А картина уже написана, глина уже застыла, резец отложен в сторону; труд творца завершен. И не вклиниться внутрь, не вытащить подтекст, не прознать сокрытое; именно законченность - фатальна, безвыходна, она порабощает читающего! Я даже поразился красоте идеи: скрыть нечто через изобилие предъявленной памяти.
И вдруг - как страшное открытие параноика, оказавшееся правдой, - ко мне пришло ощущение, что все воспоминания, все триста страниц есть одна операция прикрытия; они прошли жесточайшую внутреннюю редактуру, в которую бабушка вложила все свое мастерство, редактуру содержательную и композиционную; у этого текста очень специфическая, трудно уловимая посторонним взглядом задача.
Дело в том, что бабушка Таня вообще не упомянула в воспоминаниях о деде Михаиле, даже легенду про радиста не повторила. Отец, кажется, и вовсе этого не заметил или не ждал.
Я сначала тоже не придал этому значения, но потом меня стала смущать эта бабушкина цензура. Что-то зловещее чудилось мне в том, что бабушка невольно оказывалась заодно с фальсификаторами и ретушерами, вымарывавшими портреты из альбомов и статьи из энциклопедий.
В мемуарах она была внучкой, дочерью, сестрой, двоюродной сестрой, но не женой, подругой, матерью. Тем самым течение текста (сознательно, бессознательно?) очень ловко направлялось туда, куда ей было нужно.

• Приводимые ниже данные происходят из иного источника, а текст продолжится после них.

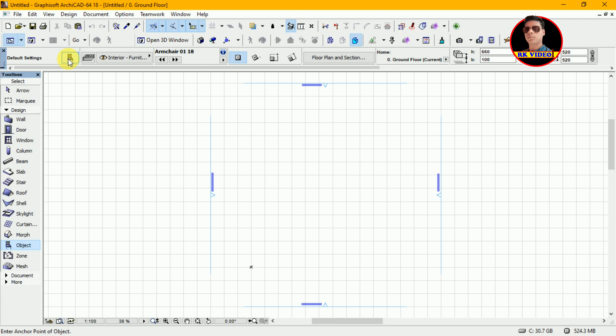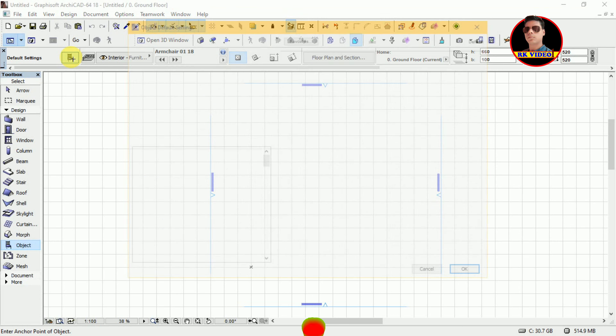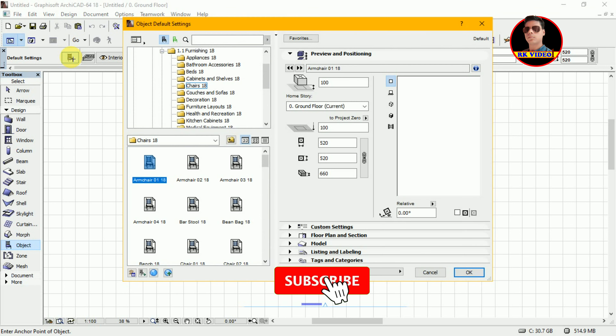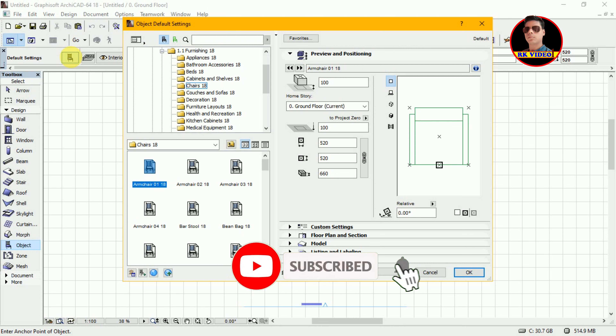go to Archicad, then take a 3D parametric model and after that put it in the plan, then convert it through the morph tool in PLN format and customize the color and size settings. After that, convert it into GSM format. You can understand more in the video.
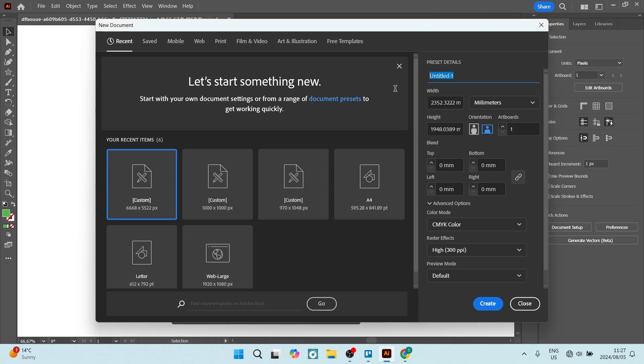We can give it a name, let's give it that name A4. And our width that we're going to have a look at over here for A4 is going to be 210 millimeters. You're going to go in for 297 millimeters.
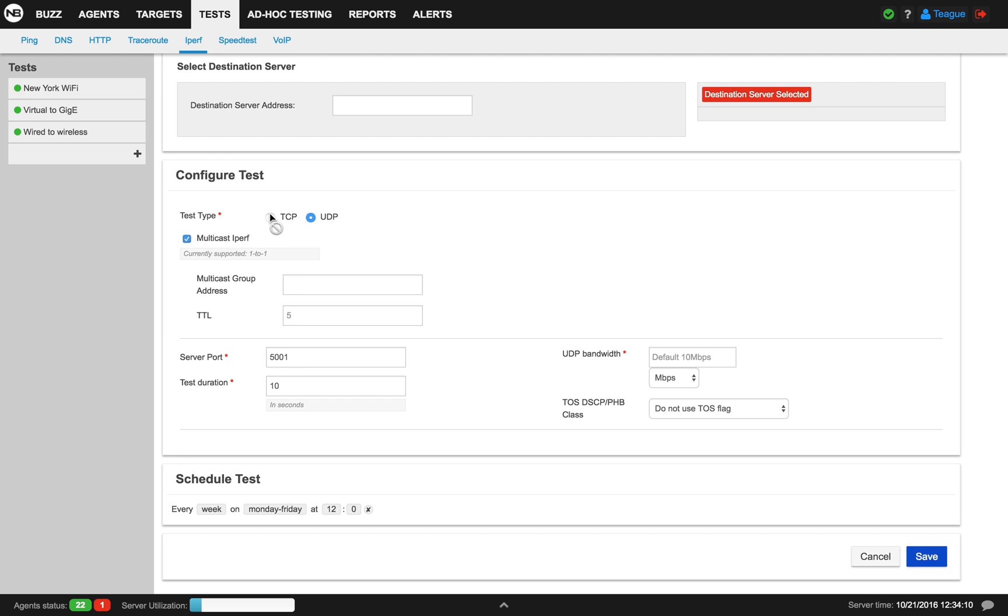For TCP, you have the option for your TCP window size. After that, you can schedule the frequency of your test and then click save and you've created your first scheduled iPerf test.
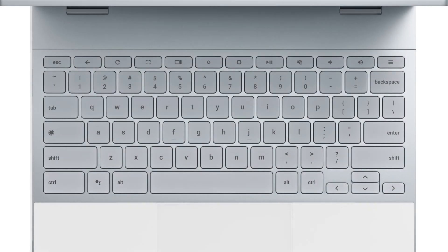To sign out of your Google account, press the Control, Shift, and Q keys, pressing the Q key twice.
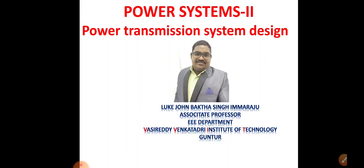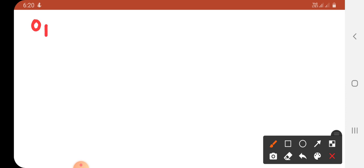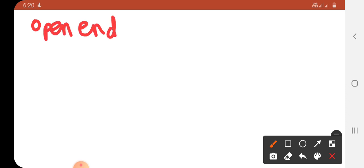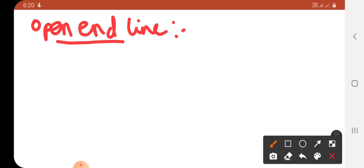Now let us see how we analyze the system when the power transmission system is open-ended and when it is short-circuit. We will examine these two cases. First, let us go to the open-end line.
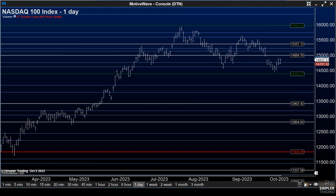Hello, and welcome to the Fibonacci free video for Monday, October 2nd. This is David, and I want to give you a few levels I am watching here in the NASDAQ 100 index.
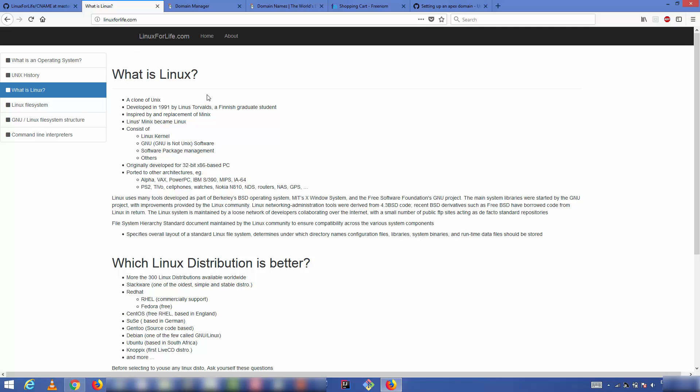That's how you can add a custom domain name to your GitHub website hosted on github.io. I hope you enjoyed this video — please rate, comment, subscribe, and bye for now.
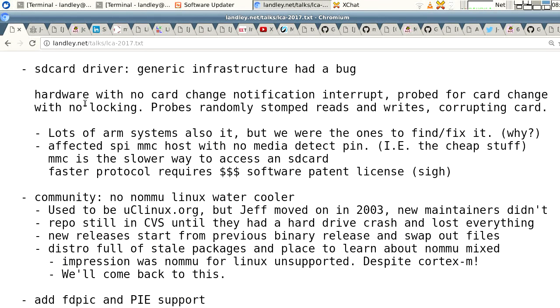The bug was that if you're using an SPI MMC host with no media detect pin — the cheap stuff, and apparently some Raspberry Pis may do this — it couldn't tell when you popped out the card. So it would periodically probe to see if the device had changed, and there was no locking. Your probe would stomp reads and writes and corrupt your data randomly. It hardly ever happened, but some of the times when it did, it fried your entire SD card and you had to reformat it. We had to track down this bug in the generic infrastructure, feed a patch upstream, and wondered: if this is affecting some Raspberry Pis, how are they not seeing it? The answer was they just didn't expect it to be reliable.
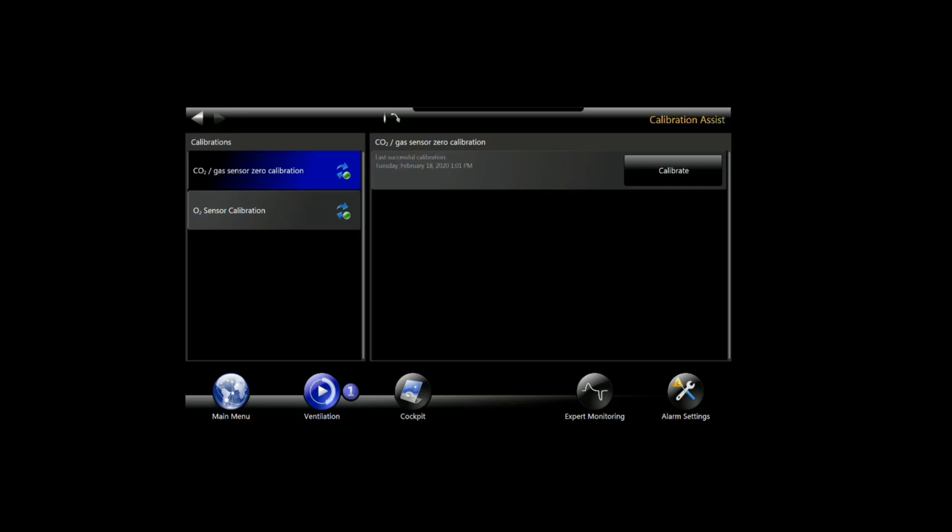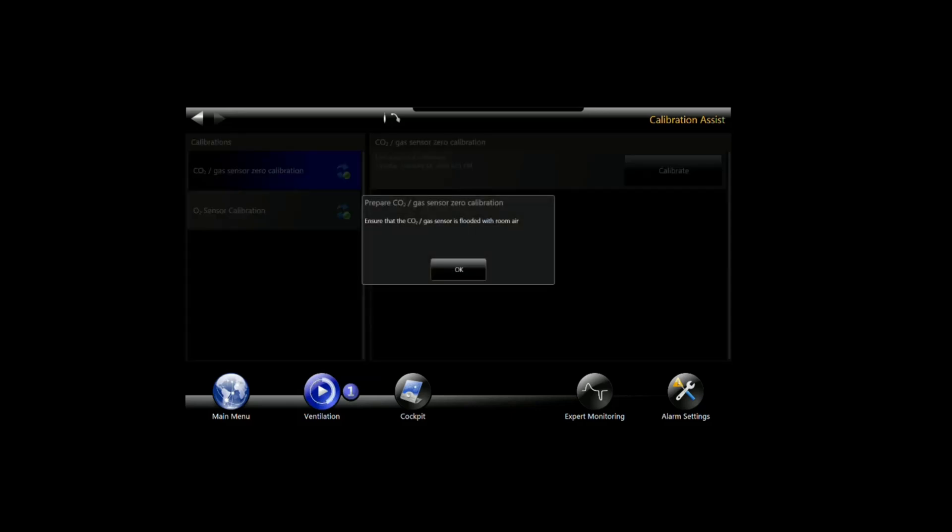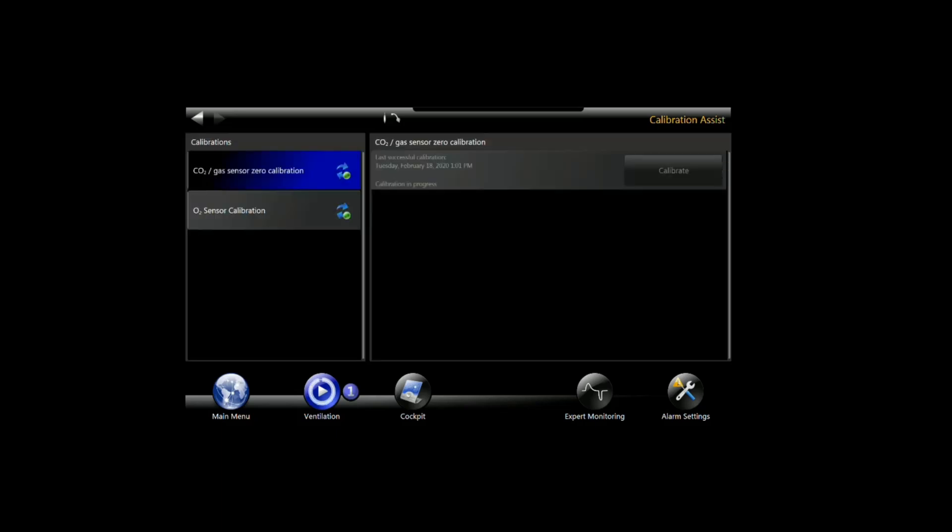Then just hit the calibration button. There's a confirmation step, and it's done. You'll see that once it finishes the calibration, it updates with the current date and time.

Дед Михаил должен был получить свое место в рукописи хотя бы по принципу любознательной внимательности к совпадениям, к ранним приметам судьбы: ведь он уже жил тогда, учился, работал… Одна простая фраза: а в это время Михаил… Но ее не было, этой фразы. Жест непрощения? Непримирения? Ненависти? Почему не написать просто: был недостойным человеком, если там действительно всего лишь личная драма? Тут тьма…
Я представил, что дед Михаил, скорее всего, был чужаком для большой нашей семьи. Он пришел откуда-то из исторических потемок, куда не падает свет документальной памяти. Может быть, он хотел войти в новый для него круг, стать частью большего. Но вот это большее его отталкивает и, последним жестом, вычеркивает, “убивает”…
Я стал искать в рукописи корешки вырезанных страниц - может быть, бабушка все же что-то написала о нем, а потом вырвала? Нет, все страницы были на месте. Но я чувствовал, чувствовал, что у нее был какой-то текст про деда Михаила, глава, ему посвященная, я даже представлял примерно, где она могла бы располагаться; но бабушка этот текст, существовавший в ее голове, не записала: так она решила. И этот незаписанный текст, словно душа умерщвленного, еще витал над рукописью.
Что ж, думал я, вполне материалистическое сознание: унести тайну с собой. В каком-то смысле — перифраз сталинского “сын за отца не отвечает”; какие неожиданные рифмы выстраивает жизнь! Зачем это было сделано? Чтобы не искали дальше? Почему не искали? Потому что стыдно? Или потому что в прошлом тайна, опасная и десятилетия спустя? Или и то и другое? Уж не саркофаг ли эти мемуары, подобный саркофагу над четвертым энергоблоком Чернобыльской АЭС?
Эти вопросы я не хотел себе задавать - я очень любил бабушку. И все же меня не покидала мысль: а сколько в тексте еще таких зон молчания, таких провалов? Ведь отсутствие деда Михаила очевидно лишь потому, что каждому человеку положен отец; а сколько еще умолчаний?
Бабушка Таня невольно сфокусировала меня на деде Михаиле. Я понимал, что ситуация тупиковая, что сведений больше не будет, если, конечно, бабушка не придет в себя и не решит заговорить; в сущности, думать о деде Михаиле и секрете его жизни, его исчезновения означало напрасно тратить время. Но в то же время было предчувствие, что сам факт чтения рукописи уже нечто потревожил в прошлом, разбудил какие-то спящие силы; я не хотел думать о деде М. - и думал, будто сползая в воронку; тайное родство, фигура судьбы, повторяющаяся в поколениях, - что-то нас объединяло с ним, привязывало меня к нему.